Problem description:
When you return the data, keep every word exact and include none of the images.

---- Dataset content

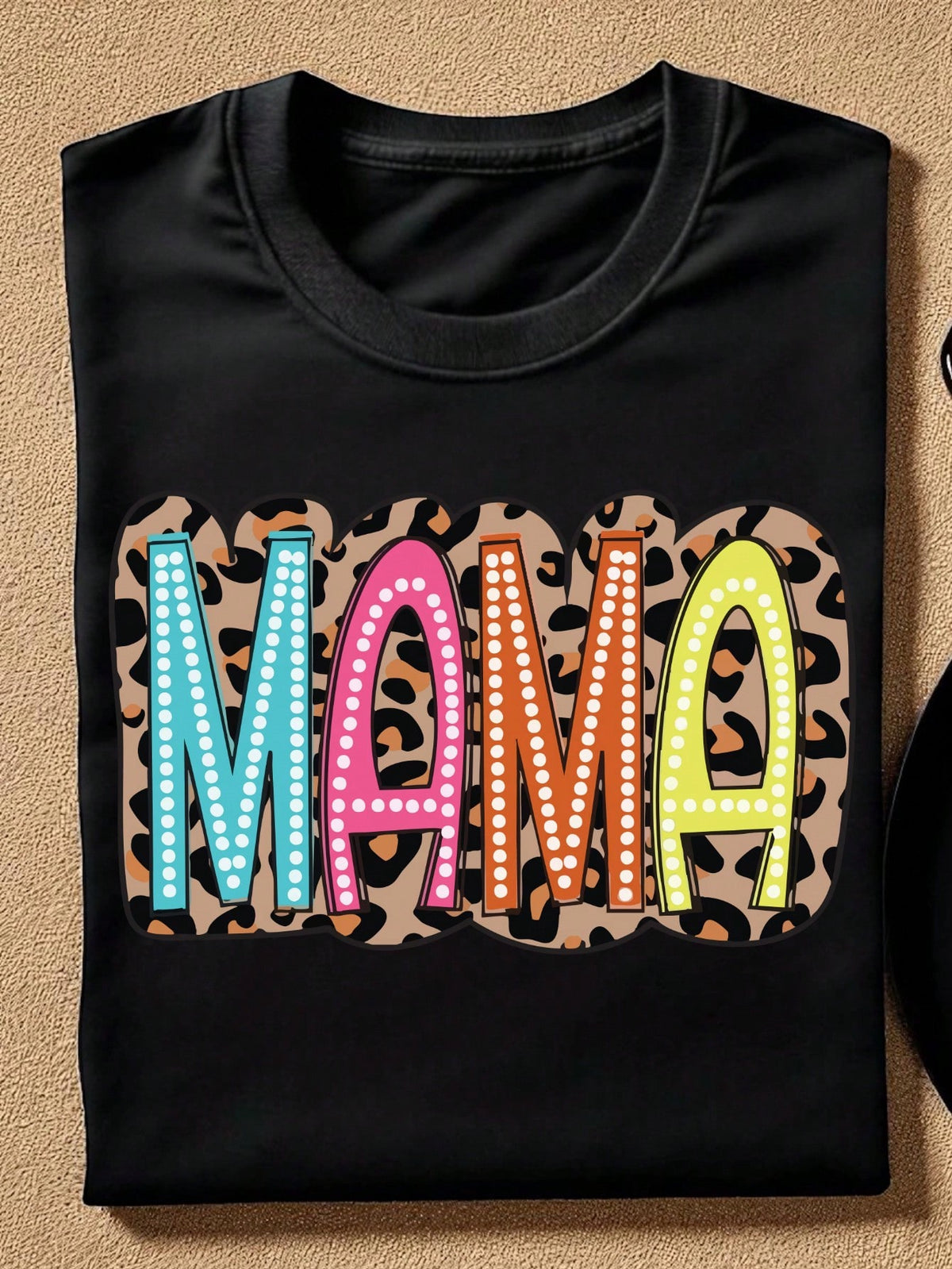 Leopard Mama T-Shirt
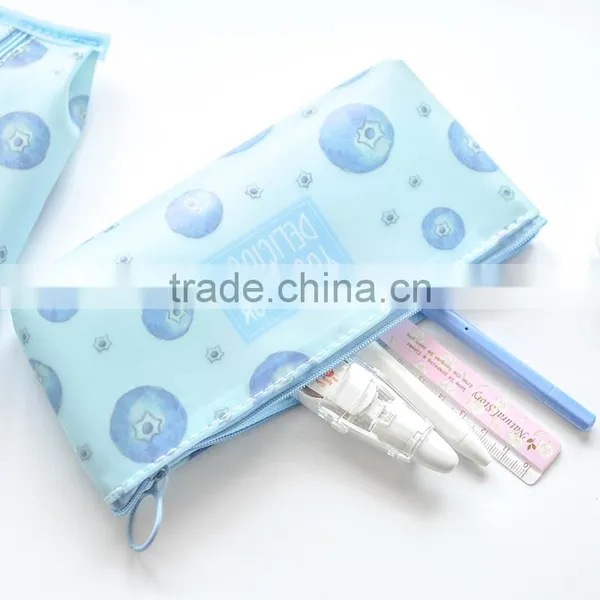 Most Weclomed Simple Carton New Style Children Pencil Case for Gift photo-5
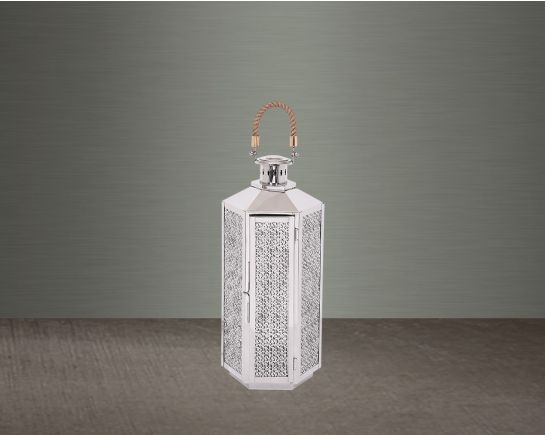 Luxury electric lantern - large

--------

Solution to the problem:
 Leopard Mama T-Shirt
 Most Weclomed Simple Carton New Style Children Pencil Case for Gift photo-5
 Luxury electric lantern - large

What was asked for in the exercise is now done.